● **Provided information**:
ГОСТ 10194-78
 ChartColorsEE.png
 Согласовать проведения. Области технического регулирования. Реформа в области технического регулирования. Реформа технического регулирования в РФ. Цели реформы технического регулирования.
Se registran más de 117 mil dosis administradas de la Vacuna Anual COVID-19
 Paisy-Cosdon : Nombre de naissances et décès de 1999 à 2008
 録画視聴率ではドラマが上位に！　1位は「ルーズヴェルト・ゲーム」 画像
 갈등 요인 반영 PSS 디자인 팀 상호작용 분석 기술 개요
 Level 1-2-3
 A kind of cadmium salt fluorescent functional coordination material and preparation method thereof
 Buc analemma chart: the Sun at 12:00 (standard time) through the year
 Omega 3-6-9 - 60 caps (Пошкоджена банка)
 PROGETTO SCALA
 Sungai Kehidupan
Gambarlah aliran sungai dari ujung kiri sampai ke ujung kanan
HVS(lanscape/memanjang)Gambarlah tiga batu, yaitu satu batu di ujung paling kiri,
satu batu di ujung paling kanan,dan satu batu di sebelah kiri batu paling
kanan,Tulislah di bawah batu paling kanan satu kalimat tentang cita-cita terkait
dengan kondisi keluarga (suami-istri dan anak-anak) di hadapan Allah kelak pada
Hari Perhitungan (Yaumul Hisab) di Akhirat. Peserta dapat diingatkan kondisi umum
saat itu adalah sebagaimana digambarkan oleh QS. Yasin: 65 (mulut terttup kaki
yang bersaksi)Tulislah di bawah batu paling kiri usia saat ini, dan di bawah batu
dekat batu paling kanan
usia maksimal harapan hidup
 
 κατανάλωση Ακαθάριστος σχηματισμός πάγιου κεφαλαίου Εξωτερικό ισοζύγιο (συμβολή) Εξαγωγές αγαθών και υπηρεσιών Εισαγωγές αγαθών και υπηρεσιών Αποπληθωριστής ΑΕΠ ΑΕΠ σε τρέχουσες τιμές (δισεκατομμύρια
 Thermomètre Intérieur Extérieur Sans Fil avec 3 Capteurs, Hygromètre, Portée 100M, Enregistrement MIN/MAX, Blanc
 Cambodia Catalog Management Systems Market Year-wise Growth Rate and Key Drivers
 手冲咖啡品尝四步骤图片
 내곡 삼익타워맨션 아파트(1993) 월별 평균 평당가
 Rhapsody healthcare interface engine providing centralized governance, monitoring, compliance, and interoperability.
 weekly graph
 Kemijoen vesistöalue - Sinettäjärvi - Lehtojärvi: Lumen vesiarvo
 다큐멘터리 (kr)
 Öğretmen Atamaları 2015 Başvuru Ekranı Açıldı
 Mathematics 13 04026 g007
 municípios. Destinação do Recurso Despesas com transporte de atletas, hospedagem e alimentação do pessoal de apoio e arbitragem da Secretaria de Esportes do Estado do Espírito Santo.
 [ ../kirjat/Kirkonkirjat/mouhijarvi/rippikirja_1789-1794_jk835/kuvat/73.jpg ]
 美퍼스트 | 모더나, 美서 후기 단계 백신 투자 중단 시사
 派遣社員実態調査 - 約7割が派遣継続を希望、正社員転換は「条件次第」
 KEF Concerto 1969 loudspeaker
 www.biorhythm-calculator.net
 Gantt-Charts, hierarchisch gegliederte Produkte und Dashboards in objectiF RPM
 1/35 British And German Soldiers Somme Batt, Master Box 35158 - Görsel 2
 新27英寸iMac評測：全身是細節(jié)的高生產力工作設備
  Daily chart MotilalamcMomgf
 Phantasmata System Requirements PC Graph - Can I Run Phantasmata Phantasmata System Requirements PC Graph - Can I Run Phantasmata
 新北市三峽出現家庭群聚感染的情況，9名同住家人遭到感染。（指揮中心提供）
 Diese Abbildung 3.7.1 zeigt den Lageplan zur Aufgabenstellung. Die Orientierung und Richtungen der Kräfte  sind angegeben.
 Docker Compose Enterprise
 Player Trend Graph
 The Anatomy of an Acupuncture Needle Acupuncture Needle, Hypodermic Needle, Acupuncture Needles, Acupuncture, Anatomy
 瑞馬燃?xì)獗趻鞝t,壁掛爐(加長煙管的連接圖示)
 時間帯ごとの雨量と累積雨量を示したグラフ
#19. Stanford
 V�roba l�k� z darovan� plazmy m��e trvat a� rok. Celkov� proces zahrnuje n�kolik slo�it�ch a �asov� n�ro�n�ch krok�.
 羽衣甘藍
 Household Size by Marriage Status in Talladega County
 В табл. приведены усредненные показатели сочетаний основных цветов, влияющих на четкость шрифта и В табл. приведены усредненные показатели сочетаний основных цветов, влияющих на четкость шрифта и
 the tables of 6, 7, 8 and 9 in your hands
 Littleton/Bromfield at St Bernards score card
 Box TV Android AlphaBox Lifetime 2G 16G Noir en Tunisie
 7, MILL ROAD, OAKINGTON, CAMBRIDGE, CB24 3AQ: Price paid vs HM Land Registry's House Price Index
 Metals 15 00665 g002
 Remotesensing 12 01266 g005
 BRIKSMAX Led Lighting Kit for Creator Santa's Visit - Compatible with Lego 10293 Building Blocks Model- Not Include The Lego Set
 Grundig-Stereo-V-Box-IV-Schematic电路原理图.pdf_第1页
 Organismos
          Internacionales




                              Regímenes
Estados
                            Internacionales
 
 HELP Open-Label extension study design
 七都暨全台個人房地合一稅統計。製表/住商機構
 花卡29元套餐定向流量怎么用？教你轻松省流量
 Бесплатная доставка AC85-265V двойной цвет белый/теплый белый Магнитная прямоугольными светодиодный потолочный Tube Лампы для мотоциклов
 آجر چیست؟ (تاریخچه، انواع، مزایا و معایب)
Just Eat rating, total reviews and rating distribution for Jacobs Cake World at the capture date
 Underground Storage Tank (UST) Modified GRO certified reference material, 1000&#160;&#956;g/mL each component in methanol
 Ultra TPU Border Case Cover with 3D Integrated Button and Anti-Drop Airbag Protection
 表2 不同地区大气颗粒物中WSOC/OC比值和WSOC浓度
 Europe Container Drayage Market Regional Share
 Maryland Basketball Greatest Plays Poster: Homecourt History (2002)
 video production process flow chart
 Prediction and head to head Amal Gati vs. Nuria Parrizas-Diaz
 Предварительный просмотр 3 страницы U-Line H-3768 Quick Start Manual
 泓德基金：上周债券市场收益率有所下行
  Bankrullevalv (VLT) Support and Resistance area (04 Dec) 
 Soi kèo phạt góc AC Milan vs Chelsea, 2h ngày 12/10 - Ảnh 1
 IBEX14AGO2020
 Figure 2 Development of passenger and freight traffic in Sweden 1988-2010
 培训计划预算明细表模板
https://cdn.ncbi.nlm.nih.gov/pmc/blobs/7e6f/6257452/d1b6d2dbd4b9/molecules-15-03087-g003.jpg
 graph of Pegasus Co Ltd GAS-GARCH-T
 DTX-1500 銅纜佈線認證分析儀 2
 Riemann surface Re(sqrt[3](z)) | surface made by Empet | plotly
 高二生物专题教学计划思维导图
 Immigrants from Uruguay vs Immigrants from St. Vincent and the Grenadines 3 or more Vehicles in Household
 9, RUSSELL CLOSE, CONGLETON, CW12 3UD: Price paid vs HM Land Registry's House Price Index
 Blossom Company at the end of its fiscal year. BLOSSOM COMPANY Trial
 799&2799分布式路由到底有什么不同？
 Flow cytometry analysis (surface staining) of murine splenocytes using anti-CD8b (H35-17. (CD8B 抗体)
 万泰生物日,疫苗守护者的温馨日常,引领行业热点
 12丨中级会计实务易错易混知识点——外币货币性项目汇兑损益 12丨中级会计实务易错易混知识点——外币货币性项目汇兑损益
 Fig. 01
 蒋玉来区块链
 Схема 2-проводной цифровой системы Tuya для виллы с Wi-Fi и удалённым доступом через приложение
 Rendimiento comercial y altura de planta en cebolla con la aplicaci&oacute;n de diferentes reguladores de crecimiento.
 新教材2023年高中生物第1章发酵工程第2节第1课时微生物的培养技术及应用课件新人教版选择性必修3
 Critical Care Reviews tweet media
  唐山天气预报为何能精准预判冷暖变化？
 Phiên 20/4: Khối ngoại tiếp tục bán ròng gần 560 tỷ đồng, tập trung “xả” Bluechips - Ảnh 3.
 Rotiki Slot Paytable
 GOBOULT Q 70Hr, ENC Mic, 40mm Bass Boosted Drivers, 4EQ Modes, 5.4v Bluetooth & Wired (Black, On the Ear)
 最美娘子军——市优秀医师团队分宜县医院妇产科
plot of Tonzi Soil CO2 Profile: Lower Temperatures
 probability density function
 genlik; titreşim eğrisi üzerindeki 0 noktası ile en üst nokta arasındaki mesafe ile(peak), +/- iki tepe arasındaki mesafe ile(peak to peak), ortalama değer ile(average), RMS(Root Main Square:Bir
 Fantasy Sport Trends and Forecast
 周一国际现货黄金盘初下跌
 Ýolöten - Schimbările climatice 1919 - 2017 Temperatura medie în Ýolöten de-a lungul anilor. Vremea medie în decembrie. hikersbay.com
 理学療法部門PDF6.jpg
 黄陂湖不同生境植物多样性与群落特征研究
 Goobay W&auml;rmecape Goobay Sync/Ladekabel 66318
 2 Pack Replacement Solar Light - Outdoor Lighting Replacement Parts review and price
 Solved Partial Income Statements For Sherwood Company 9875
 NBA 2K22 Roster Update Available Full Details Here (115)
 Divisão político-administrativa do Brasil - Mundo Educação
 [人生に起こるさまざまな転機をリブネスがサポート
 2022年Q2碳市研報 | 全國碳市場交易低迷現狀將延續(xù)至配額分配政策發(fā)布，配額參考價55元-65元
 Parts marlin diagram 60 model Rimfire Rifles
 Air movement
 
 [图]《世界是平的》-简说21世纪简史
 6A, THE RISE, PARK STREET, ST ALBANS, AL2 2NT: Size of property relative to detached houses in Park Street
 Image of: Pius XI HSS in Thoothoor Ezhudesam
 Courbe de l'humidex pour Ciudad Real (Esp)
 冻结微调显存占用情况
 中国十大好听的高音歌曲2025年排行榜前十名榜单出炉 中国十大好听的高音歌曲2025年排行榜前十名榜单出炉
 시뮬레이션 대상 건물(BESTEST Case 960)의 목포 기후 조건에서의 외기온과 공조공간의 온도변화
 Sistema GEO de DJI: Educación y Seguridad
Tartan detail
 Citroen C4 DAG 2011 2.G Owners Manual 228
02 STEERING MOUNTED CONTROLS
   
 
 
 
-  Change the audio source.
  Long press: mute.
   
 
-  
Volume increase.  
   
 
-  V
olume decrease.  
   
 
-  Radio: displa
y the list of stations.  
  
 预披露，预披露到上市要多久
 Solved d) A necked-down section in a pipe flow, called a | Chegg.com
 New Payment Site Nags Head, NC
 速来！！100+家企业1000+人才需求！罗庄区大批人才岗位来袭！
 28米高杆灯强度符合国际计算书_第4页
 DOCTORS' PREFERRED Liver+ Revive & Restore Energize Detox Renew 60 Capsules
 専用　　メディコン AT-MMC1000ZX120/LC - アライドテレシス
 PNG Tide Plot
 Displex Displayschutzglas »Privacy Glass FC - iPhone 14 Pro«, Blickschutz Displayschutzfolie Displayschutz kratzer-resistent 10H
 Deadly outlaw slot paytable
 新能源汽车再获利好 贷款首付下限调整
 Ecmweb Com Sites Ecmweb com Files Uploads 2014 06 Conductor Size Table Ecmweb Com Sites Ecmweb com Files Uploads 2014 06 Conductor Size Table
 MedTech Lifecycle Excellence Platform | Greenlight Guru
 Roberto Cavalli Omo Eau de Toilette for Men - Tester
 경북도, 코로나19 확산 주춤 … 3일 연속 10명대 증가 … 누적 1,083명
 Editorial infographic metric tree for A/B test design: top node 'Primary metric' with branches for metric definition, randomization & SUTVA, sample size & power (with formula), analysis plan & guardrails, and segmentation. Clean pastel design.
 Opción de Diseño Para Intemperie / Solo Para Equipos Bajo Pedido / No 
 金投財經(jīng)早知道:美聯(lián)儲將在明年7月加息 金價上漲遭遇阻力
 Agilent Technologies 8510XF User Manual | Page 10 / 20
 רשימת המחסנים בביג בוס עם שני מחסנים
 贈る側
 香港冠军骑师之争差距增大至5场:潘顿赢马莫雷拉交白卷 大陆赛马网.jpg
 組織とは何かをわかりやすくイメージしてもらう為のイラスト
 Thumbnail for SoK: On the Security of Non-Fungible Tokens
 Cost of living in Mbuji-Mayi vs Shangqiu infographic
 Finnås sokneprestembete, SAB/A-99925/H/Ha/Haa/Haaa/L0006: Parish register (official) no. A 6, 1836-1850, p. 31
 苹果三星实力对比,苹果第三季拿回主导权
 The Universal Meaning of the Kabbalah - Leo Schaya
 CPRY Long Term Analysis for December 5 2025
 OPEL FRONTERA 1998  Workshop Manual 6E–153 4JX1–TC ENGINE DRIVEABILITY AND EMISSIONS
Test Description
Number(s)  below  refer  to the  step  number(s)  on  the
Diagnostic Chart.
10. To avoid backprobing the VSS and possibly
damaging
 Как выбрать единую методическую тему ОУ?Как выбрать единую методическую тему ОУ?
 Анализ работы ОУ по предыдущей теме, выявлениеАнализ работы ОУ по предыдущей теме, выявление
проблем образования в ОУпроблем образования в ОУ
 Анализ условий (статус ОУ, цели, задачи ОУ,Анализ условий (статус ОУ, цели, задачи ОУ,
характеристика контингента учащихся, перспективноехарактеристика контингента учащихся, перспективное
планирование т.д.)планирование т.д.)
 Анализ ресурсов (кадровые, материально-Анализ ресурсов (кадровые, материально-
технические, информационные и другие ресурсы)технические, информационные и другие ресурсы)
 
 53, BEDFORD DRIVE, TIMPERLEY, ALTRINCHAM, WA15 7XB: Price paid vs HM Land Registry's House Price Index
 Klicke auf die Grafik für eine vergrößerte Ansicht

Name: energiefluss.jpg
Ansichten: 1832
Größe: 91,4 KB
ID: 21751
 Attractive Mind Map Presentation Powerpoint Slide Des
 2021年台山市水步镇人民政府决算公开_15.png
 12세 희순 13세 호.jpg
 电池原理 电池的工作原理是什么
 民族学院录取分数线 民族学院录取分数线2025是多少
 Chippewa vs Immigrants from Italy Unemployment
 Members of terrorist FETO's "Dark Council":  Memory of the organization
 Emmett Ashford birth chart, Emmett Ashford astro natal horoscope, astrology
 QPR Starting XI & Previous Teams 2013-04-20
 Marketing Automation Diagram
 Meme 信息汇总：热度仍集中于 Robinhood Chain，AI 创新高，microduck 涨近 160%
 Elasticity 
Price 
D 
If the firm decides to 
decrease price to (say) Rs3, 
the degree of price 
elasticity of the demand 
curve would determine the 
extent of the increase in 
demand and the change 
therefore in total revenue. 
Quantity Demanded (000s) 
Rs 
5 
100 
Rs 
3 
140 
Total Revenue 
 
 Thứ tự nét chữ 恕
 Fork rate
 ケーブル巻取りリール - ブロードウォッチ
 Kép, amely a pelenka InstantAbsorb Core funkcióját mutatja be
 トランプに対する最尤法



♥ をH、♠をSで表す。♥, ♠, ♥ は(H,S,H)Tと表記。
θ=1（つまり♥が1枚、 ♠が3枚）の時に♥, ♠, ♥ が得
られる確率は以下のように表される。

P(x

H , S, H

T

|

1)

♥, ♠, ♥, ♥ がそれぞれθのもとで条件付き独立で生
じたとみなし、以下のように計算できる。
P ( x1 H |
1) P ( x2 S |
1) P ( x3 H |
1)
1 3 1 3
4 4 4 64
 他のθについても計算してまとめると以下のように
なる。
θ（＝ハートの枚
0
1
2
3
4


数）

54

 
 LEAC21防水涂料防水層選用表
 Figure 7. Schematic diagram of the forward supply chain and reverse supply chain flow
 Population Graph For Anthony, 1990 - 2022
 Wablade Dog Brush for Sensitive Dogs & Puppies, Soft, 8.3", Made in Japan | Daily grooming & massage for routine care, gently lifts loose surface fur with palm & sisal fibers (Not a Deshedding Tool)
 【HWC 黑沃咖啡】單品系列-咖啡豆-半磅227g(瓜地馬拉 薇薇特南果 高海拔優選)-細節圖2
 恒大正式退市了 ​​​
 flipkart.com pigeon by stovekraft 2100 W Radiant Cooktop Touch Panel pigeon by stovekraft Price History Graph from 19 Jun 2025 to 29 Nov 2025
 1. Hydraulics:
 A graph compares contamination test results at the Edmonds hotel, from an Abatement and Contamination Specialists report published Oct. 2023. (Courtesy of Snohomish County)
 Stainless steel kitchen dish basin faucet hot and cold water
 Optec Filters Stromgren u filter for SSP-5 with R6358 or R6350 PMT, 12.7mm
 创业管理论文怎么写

● **Problem statement**:
Starting at the top of the data above, repeat every line exactly until the line containing "Согласовать проведения. Области" has been given, then stop.

● **Answer section**:
ГОСТ 10194-78
 ChartColorsEE.png
 Согласовать проведения. Области технического регулирования. Реформа в области технического регулирования. Реформа технического регулирования в РФ. Цели реформы технического регулирования.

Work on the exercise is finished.